(Captioned web images)
##############################

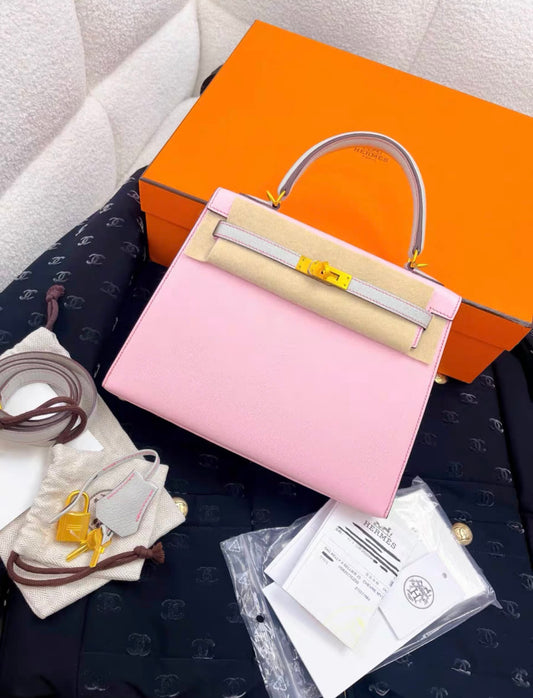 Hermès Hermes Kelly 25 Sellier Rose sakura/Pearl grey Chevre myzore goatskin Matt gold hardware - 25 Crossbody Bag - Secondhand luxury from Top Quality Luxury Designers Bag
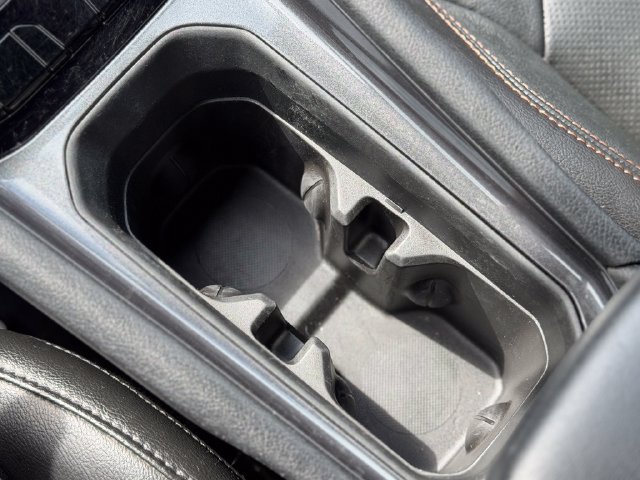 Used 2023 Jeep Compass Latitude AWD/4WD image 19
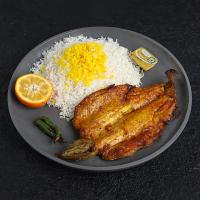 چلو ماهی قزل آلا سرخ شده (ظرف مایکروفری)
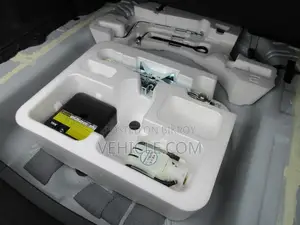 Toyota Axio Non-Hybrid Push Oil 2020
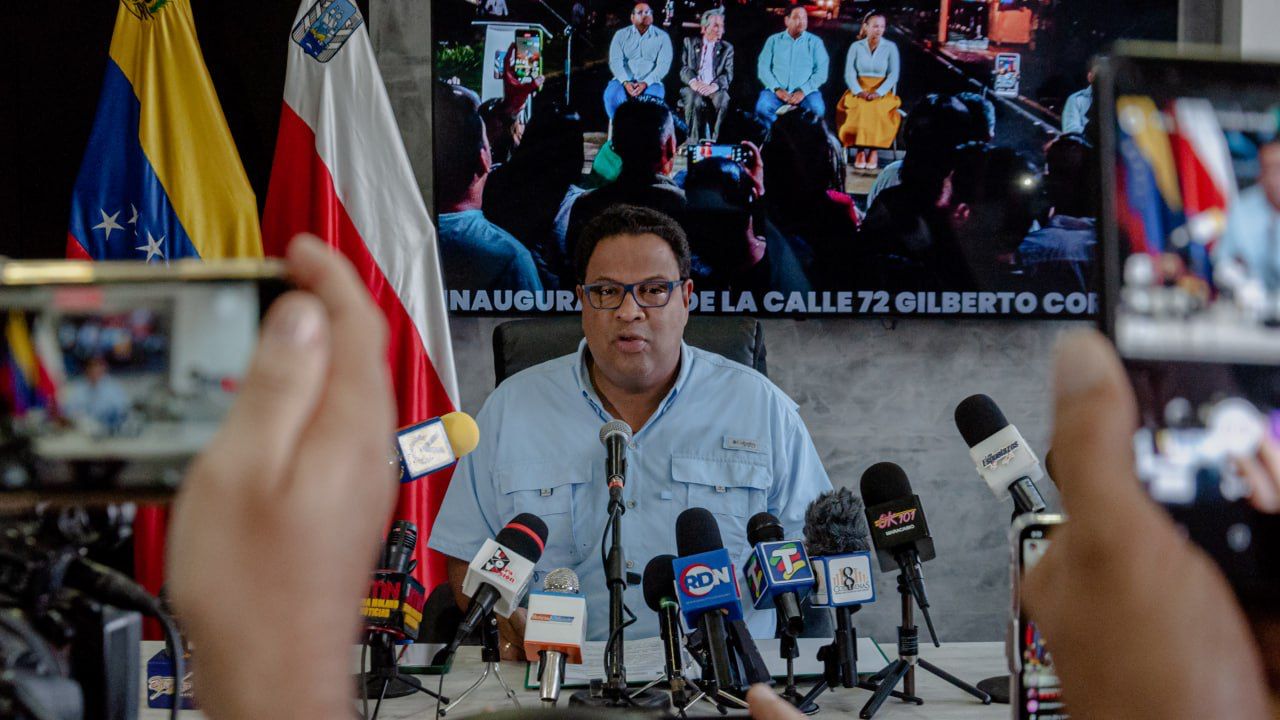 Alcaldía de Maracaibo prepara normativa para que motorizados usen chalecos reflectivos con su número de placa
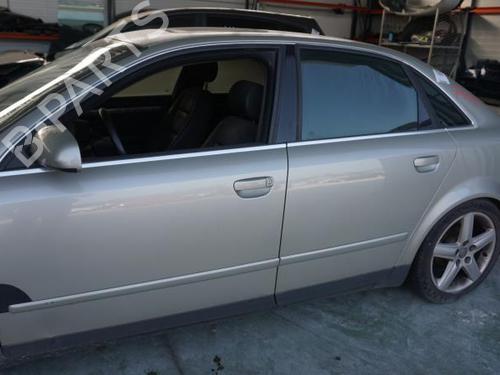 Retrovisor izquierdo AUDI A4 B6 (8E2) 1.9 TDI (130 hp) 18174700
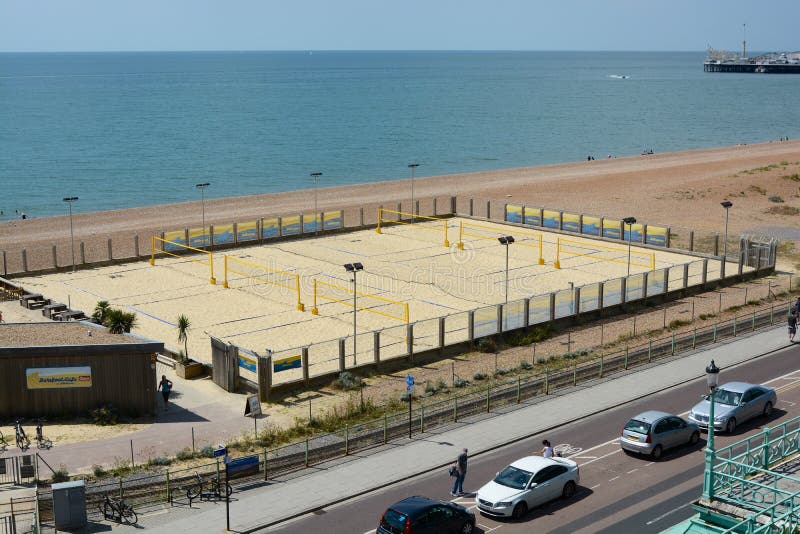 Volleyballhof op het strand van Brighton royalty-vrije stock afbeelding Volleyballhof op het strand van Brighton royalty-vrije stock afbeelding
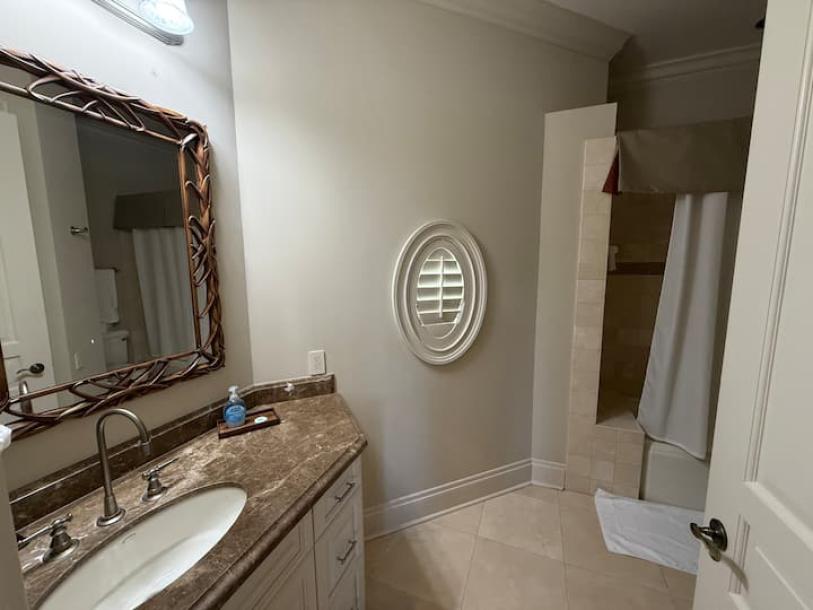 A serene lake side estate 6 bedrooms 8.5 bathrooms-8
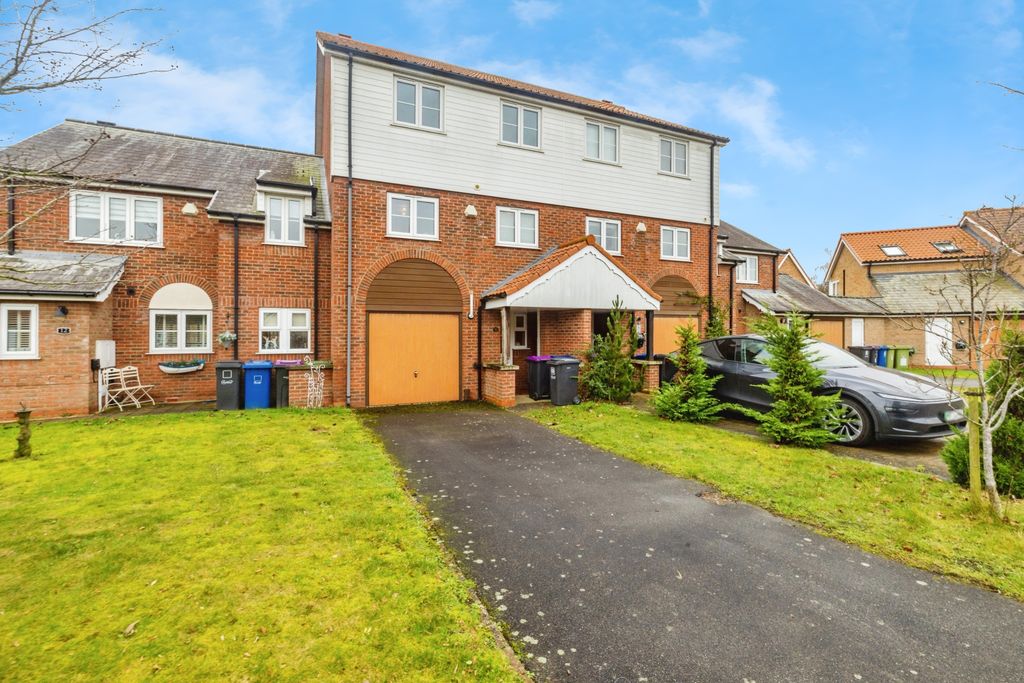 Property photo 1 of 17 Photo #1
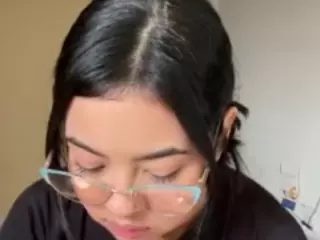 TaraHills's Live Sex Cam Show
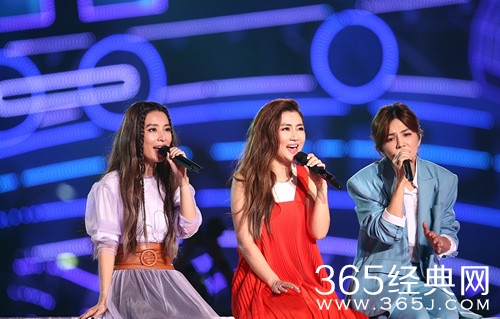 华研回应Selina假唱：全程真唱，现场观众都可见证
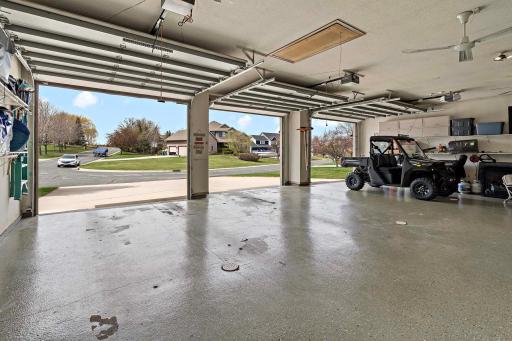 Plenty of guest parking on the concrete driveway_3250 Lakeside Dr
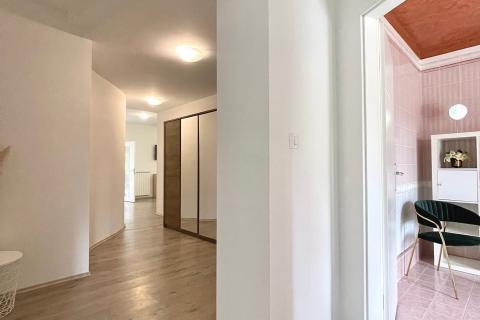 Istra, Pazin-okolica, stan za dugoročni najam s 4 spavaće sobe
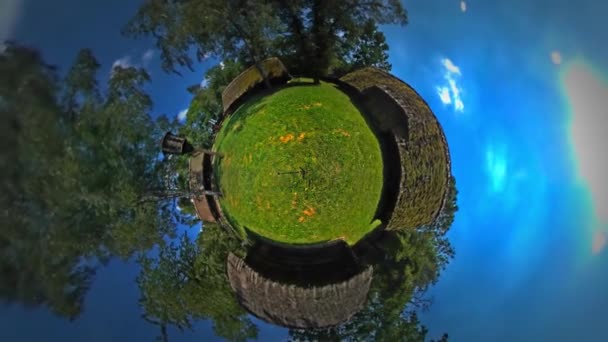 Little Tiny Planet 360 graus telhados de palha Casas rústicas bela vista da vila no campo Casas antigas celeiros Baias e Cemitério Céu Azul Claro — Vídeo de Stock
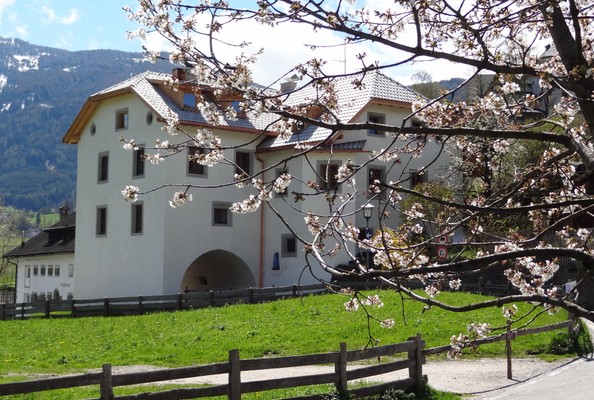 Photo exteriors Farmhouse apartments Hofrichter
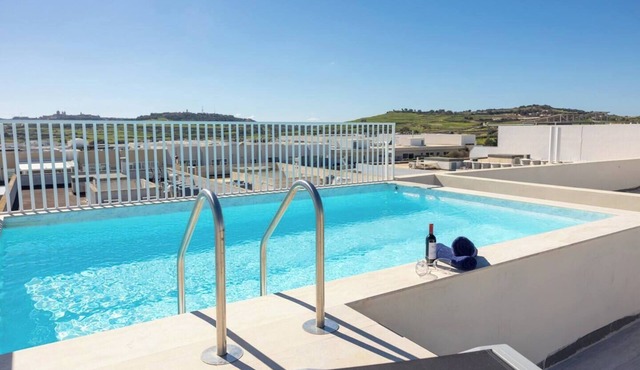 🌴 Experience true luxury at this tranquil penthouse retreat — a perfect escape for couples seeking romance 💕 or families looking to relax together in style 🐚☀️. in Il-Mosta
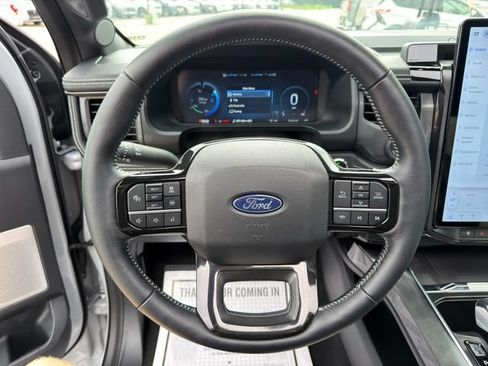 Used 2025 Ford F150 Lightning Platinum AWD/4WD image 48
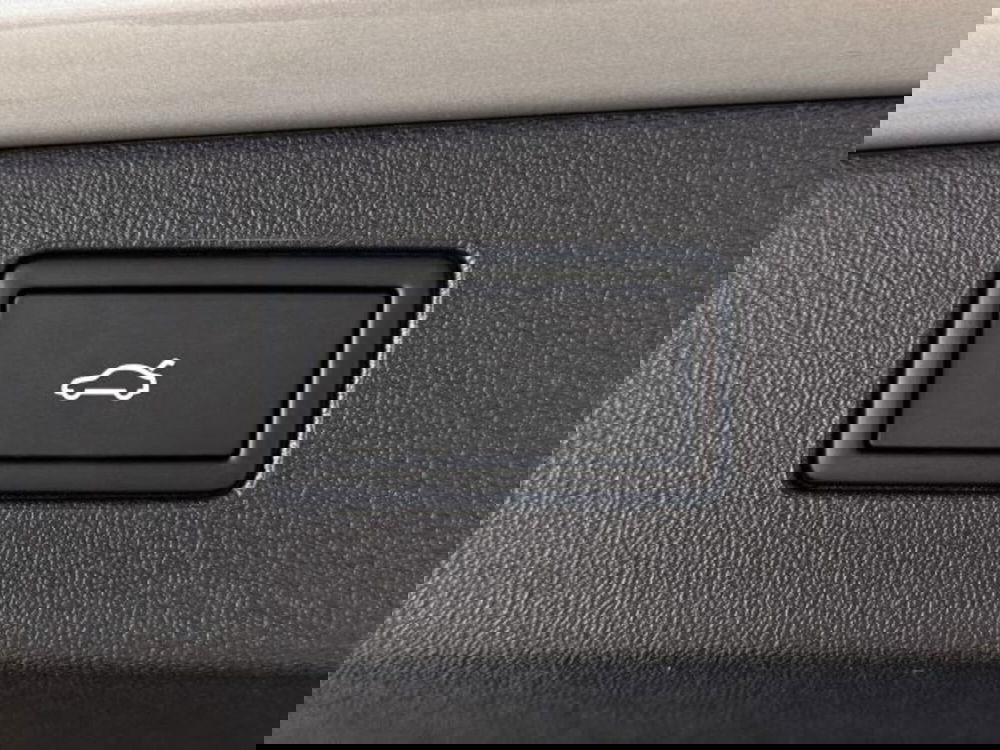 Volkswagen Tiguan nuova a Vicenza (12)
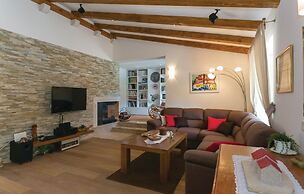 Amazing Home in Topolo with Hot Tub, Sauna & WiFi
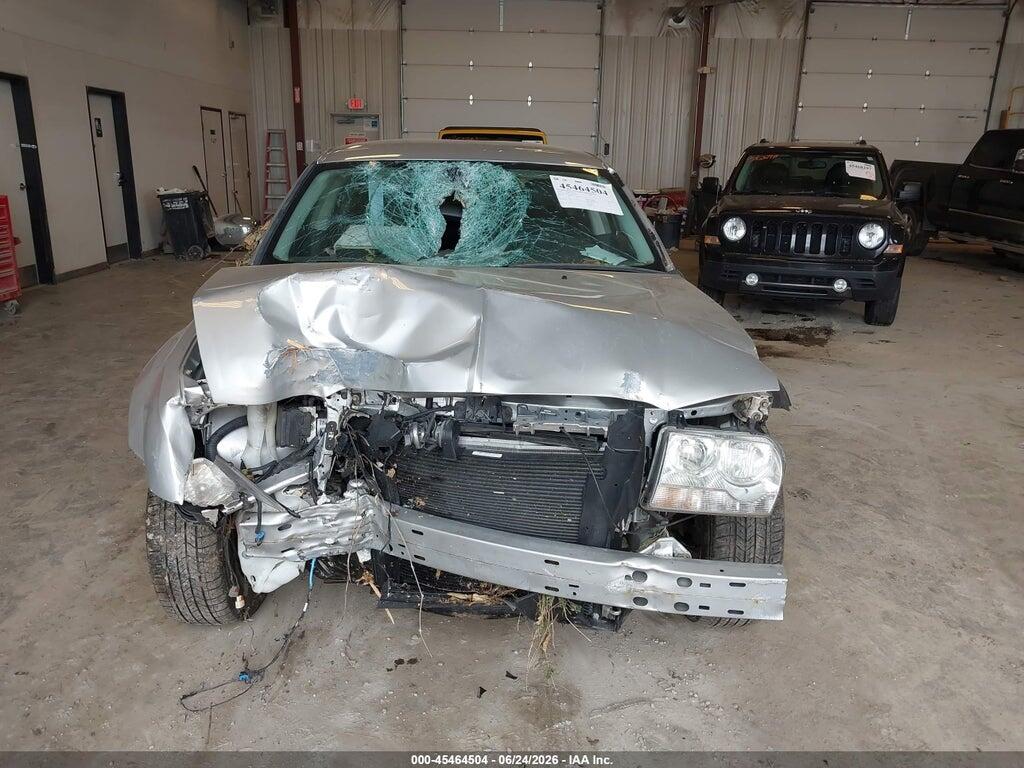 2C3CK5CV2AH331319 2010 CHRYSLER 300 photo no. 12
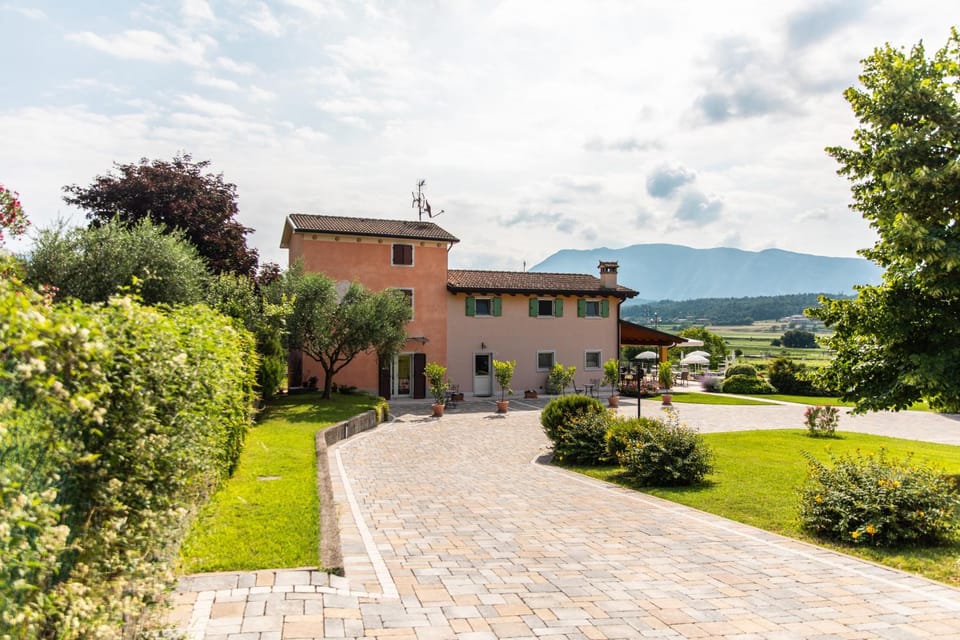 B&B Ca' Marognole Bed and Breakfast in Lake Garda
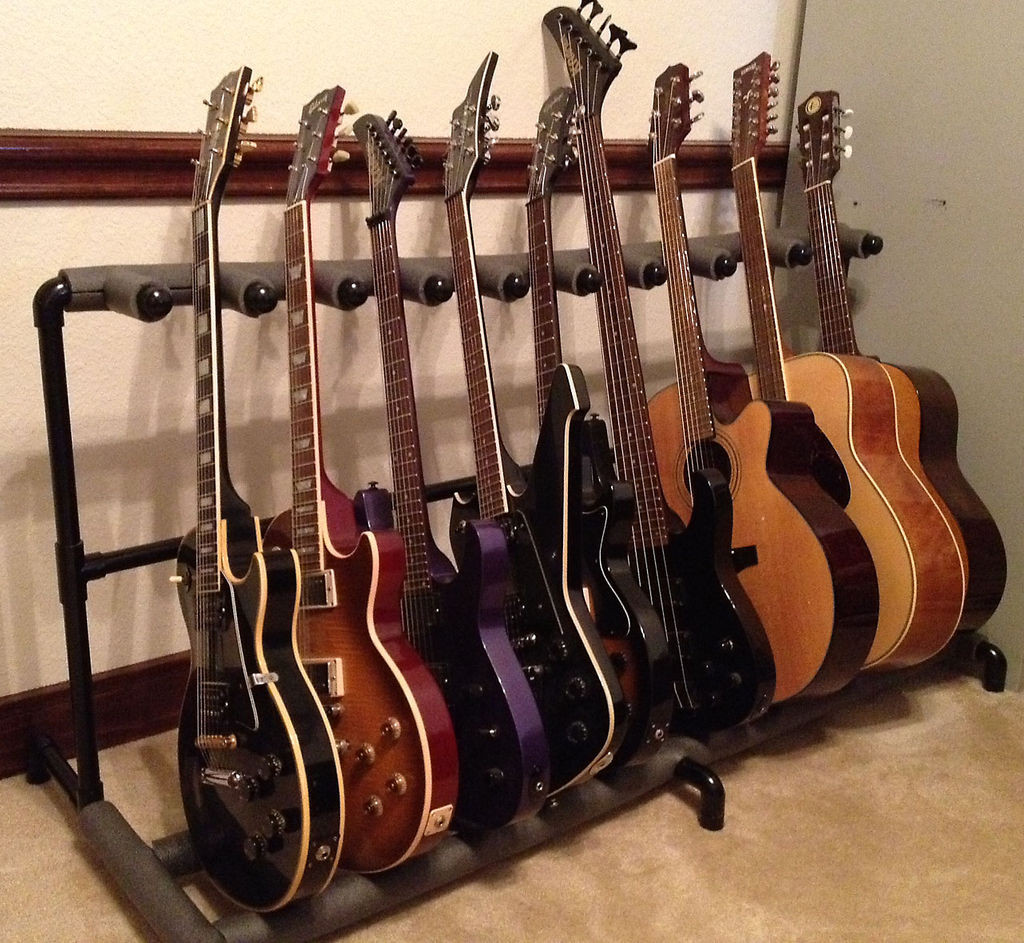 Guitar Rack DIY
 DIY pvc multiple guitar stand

##############################

What this task involves. Word for word, write out the lines above running from the one with "stock afbeelding Volleyballhof" up to and including the one with "style 🐚☀️. in Il-Mosta". Drop any picture.

Output below.
 Volleyballhof op het strand van Brighton royalty-vrije stock afbeelding Volleyballhof op het strand van Brighton royalty-vrije stock afbeelding
 A serene lake side estate 6 bedrooms 8.5 bathrooms-8
 Property photo 1 of 17 Photo #1
 TaraHills's Live Sex Cam Show
 华研回应Selina假唱：全程真唱，现场观众都可见证
 Plenty of guest parking on the concrete driveway_3250 Lakeside Dr
 Istra, Pazin-okolica, stan za dugoročni najam s 4 spavaće sobe
 Little Tiny Planet 360 graus telhados de palha Casas rústicas bela vista da vila no campo Casas antigas celeiros Baias e Cemitério Céu Azul Claro — Vídeo de Stock
 Photo exteriors Farmhouse apartments Hofrichter
 🌴 Experience true luxury at this tranquil penthouse retreat — a perfect escape for couples seeking romance 💕 or families looking to relax together in style 🐚☀️. in Il-Mosta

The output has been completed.